One student in the audience was giving the students presenting a hard time, asking why anyone would want to buy their product if it was so cheap and easy to make. But my history teacher amiga came to their rescue--in Spanish!
History teacher helping during bilingual product pitch Q&A: "Americanos es perezoso" 😂— Laura Sexton (@SraSpanglish) November 29, 2017
Homegirl whipped out a Novice High sentence in the heat of the moment AND called out the dominant culture without missing a beat! Guys, my little language teacher heart just spilled all over the place in that moment.
Not 5 minutes later, my biology amiga called out another group (albeit in English) for including a plan to air their English ad in the U.S. and their Spanish ad in Latin America:
Guys, this is the same teacher who estimated that 40% of our students would actually use Spanish after they graduated. When I informally polled her and my English teacher amiga last year, they weren't trying to hurt my feelings, or suggest that language learning was any less relevant than, say, British literature. They were simply speaking from their own experience in the community where they lived and I didn't (YET! My kids start school in my district when we come back from break!)Bio teacher during bilingual product pitch Q&A: "Why wouldn't you air the Spanish ad in the U.S.? They speak that here too!" #langchat 👏🙌— Laura Sexton (@SraSpanglish) November 29, 2017
I have pooh-poohed presidents and principals who preach numbers to justify language learning in the past, and to be honest, I'm still a little disappointed that Obama remains monolingual despite lip service for language learning. And I'm often guilty of holding adults to a higher standard than teenagers, despite intellectually understanding that they could as easily lack the emotional and academic training that teenagers to too. But colleagues and administrators need and deserve the same assurances as our students. They need to believe in the why and the how, but they also need to know and trust that YES YOU CAN.

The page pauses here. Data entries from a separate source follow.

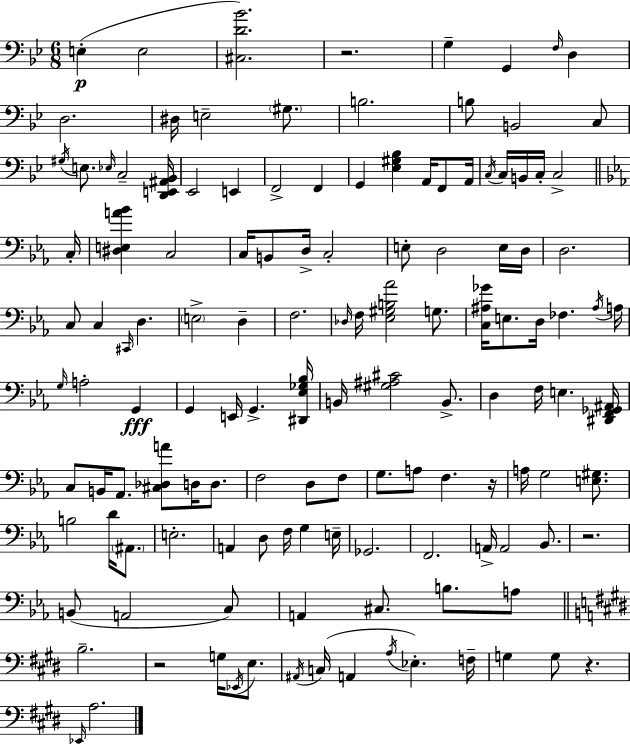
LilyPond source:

{
  \clef bass
  \numericTimeSignature
  \time 6/8
  \key g \minor
  e4-.(\p e2 | <cis d' bes'>2.) | r2. | g4-- g,4 \grace { f16 } d4 | \break d2. | dis16 e2-- \parenthesize gis8. | b2. | b8 b,2 c8 | \break \acciaccatura { gis16 } e8. \grace { ees16 } c2-- | <d, e, ais, bes,>16 ees,2 e,4 | f,2-> f,4 | g,4 <ees gis bes>4 a,16 | \break f,8 a,16 \acciaccatura { c16 } c16 b,16 c16-. c2-> | \bar "||" \break \key ees \major c16-. <dis e a' bes'>4 c2 | c16 b,8 d16-> c2-. | e8-. d2 e16 | d16 d2. | \break c8 c4 \grace { cis,16 } d4. | \parenthesize e2-> d4-- | f2. | \grace { des16 } f16 <ees gis b aes'>2 | \break g8. <c ais ges'>16 e8. d16 fes4. | \acciaccatura { ais16 } a16 \grace { g16 } a2-. | g,4\fff g,4 e,16 g,4.-> | <dis, ees ges bes>16 b,16 <gis ais cis'>2 | \break b,8.-> d4 f16 e4. | <dis, f, ges, ais,>16 c8 b,16 aes,8. <cis des a'>8 | d16 d8. f2 | d8 f8 g8. a8 f4. | \break r16 a16 g2 | <e gis>8. b2 | d'16 \parenthesize ais,8. e2.-. | a,4 d8 f16 | \break g4 e16-- ges,2. | f,2. | a,16-> a,2 | bes,8. r2. | \break b,8( a,2 | c8) a,4 cis8. | b8. a8 \bar "||" \break \key e \major b2.-- | r2 g16 \acciaccatura { ees,16 } e8. | \acciaccatura { ais,16 }( c16 a,4 \acciaccatura { a16 } ees4.-.) | f16-- g4 g8 r4. | \break \grace { ees,16 } a2. | \bar "|."
}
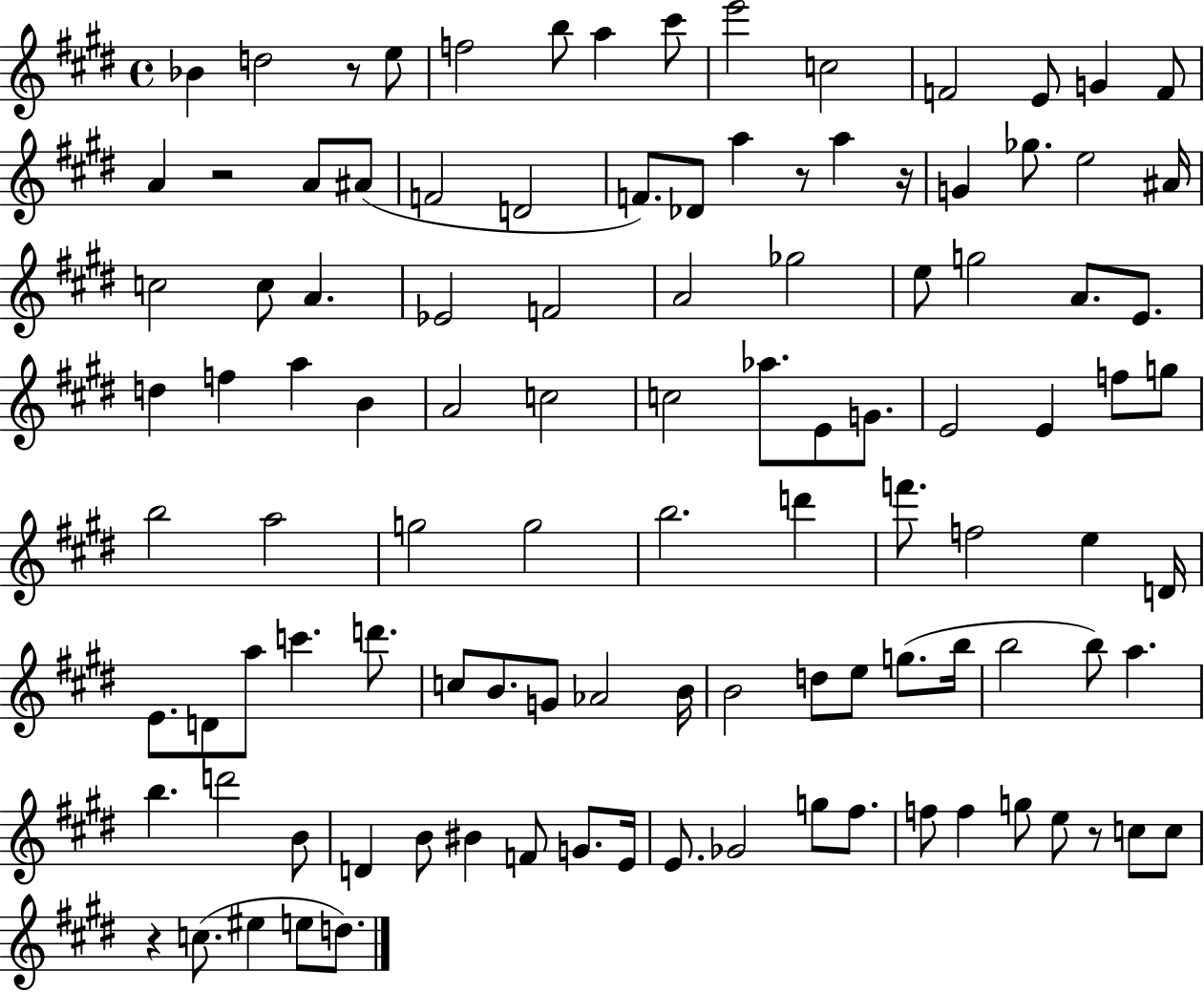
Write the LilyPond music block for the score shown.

{
  \clef treble
  \time 4/4
  \defaultTimeSignature
  \key e \major
  bes'4 d''2 r8 e''8 | f''2 b''8 a''4 cis'''8 | e'''2 c''2 | f'2 e'8 g'4 f'8 | \break a'4 r2 a'8 ais'8( | f'2 d'2 | f'8.) des'8 a''4 r8 a''4 r16 | g'4 ges''8. e''2 ais'16 | \break c''2 c''8 a'4. | ees'2 f'2 | a'2 ges''2 | e''8 g''2 a'8. e'8. | \break d''4 f''4 a''4 b'4 | a'2 c''2 | c''2 aes''8. e'8 g'8. | e'2 e'4 f''8 g''8 | \break b''2 a''2 | g''2 g''2 | b''2. d'''4 | f'''8. f''2 e''4 d'16 | \break e'8. d'8 a''8 c'''4. d'''8. | c''8 b'8. g'8 aes'2 b'16 | b'2 d''8 e''8 g''8.( b''16 | b''2 b''8) a''4. | \break b''4. d'''2 b'8 | d'4 b'8 bis'4 f'8 g'8. e'16 | e'8. ges'2 g''8 fis''8. | f''8 f''4 g''8 e''8 r8 c''8 c''8 | \break r4 c''8.( eis''4 e''8 d''8.) | \bar "|."
}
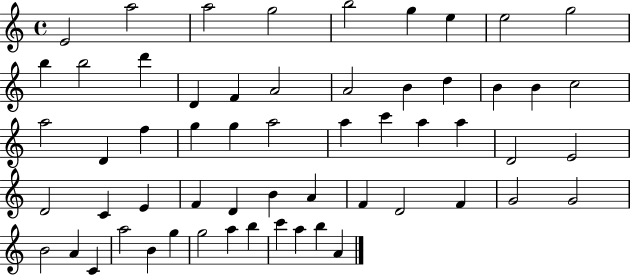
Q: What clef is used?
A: treble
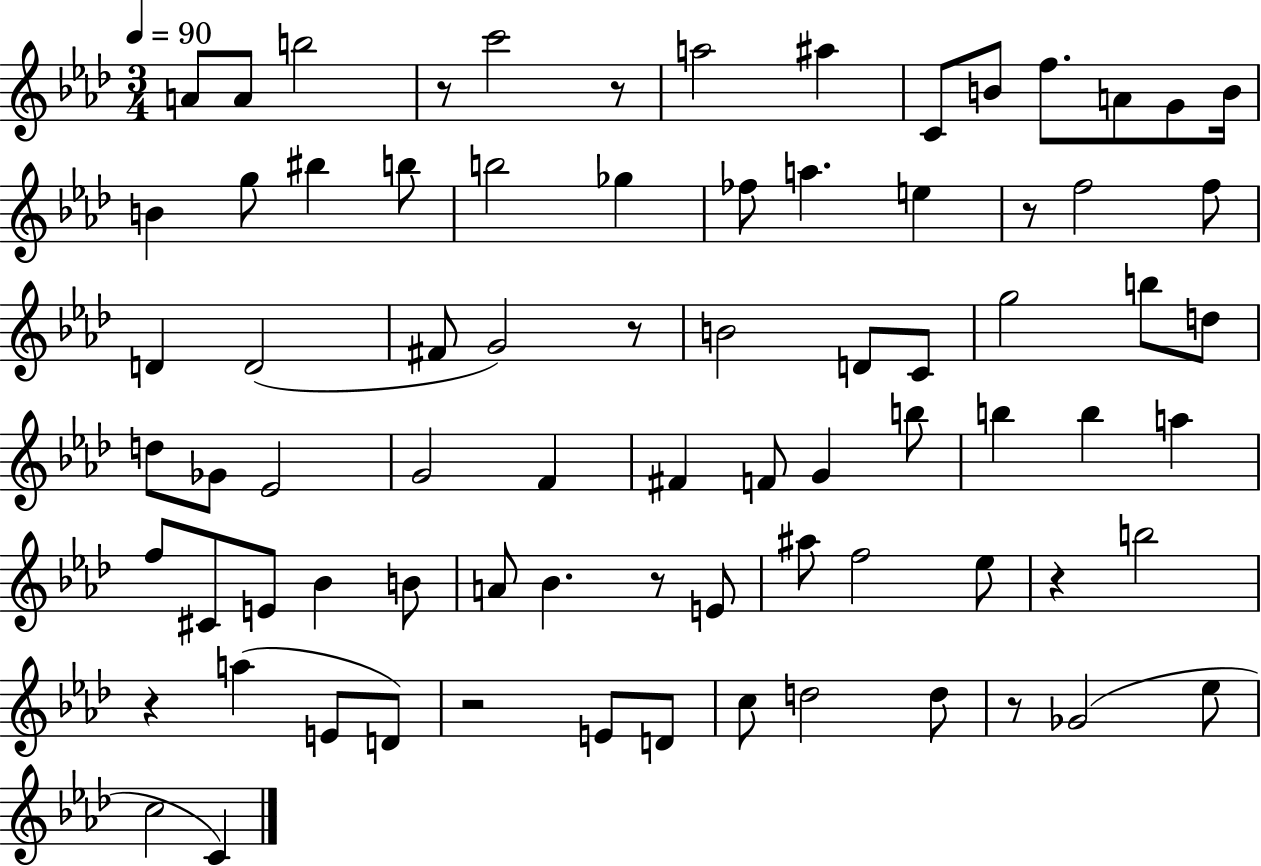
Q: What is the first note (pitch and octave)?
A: A4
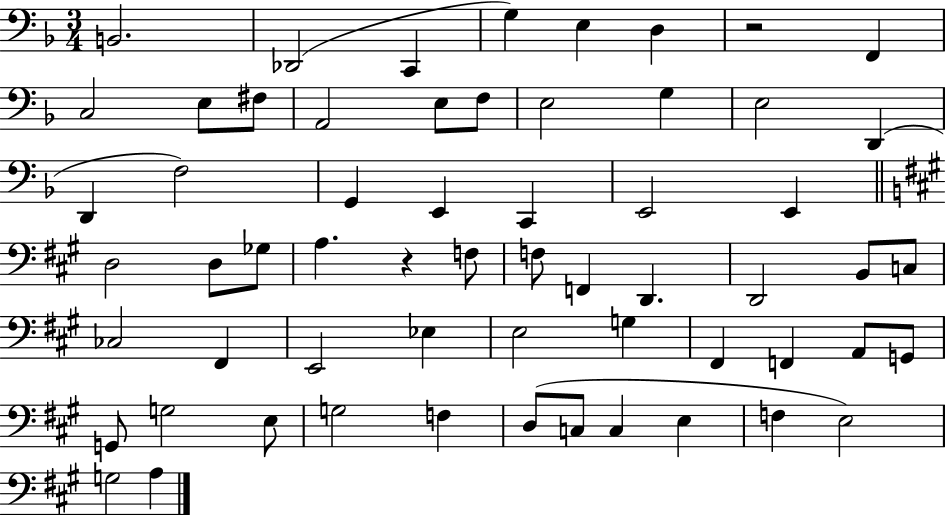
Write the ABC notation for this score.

X:1
T:Untitled
M:3/4
L:1/4
K:F
B,,2 _D,,2 C,, G, E, D, z2 F,, C,2 E,/2 ^F,/2 A,,2 E,/2 F,/2 E,2 G, E,2 D,, D,, F,2 G,, E,, C,, E,,2 E,, D,2 D,/2 _G,/2 A, z F,/2 F,/2 F,, D,, D,,2 B,,/2 C,/2 _C,2 ^F,, E,,2 _E, E,2 G, ^F,, F,, A,,/2 G,,/2 G,,/2 G,2 E,/2 G,2 F, D,/2 C,/2 C, E, F, E,2 G,2 A,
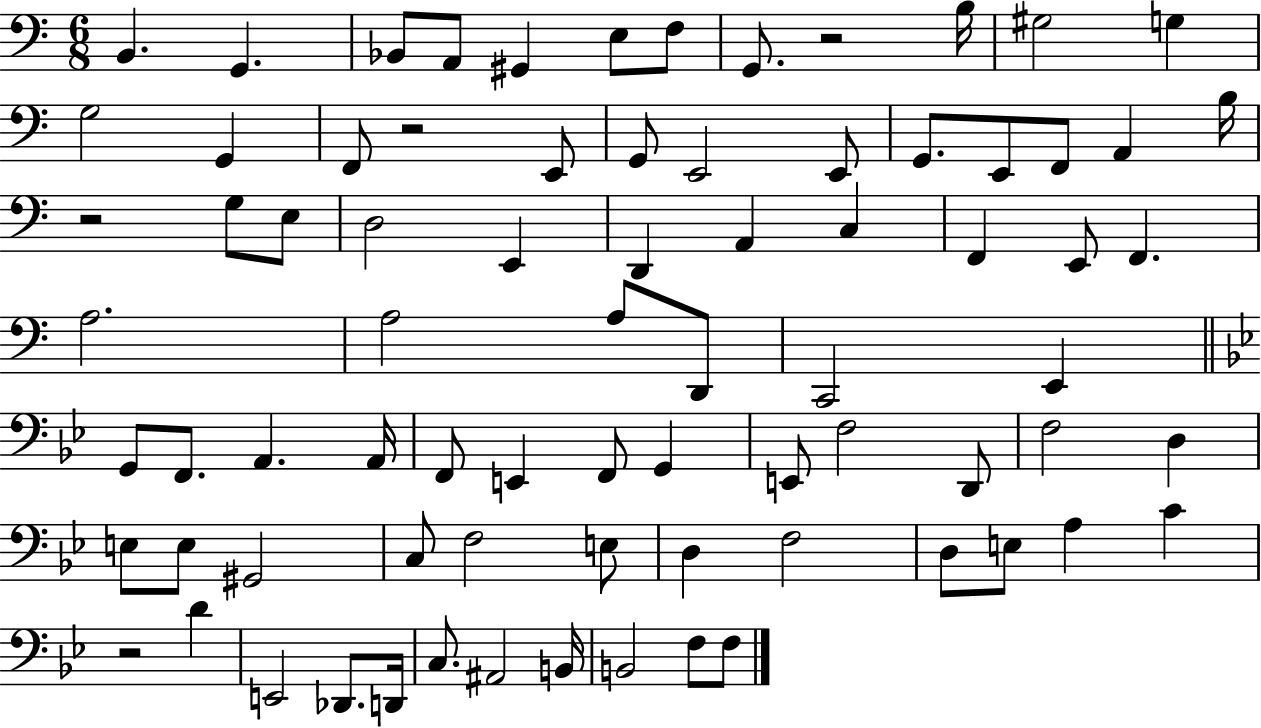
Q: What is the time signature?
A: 6/8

Now Sra. Miller is a special teacher in so many ways more than her fearless Novice-to-Intermediate outbursts over the walkie talkie ("¿Qué es mascota?" when reviewing some of the product pitch categories before I got there is a personal favorite). She saw the relevance of the high school Spanish she forgot when she needed to get a student to "escribir cinco cosas" and then was off and running. And Sra. Dixon is an astounding human being and giver who, day 2 of product pitches, dared to help me count down in Spanish to get the class quiet. I mean, it´s Novice Low production, but she is modeling putting herself out there and taking that risk!
Even when my almost-German-major English teacher amigo was helping Miller and me split up the product pitch topics and said tecnología without pausing to translate, that was PROOF.
It was proof that Spanish is not only something they can use in their own lives, but that, yes, they really can use it! They don´t have to spend their waking hours not grading on Duolingo. They don´t have to travel the world (unless they want to!)
They can participate in the students´ language learning. They can understand the parents who need a little help in conferences.
And they can stroll into my Spanish-strewn room, just like our newest Earth Science teacher, and say, "I was thinking..." when after all of the hurricanes and earthquakes and floods and disaster they see a chance to make their classes more relevant with Spanish.
But sometimes they need our help seeing the why and how, and they deserve our support--and celebration--when they show us AND themselves: you can too.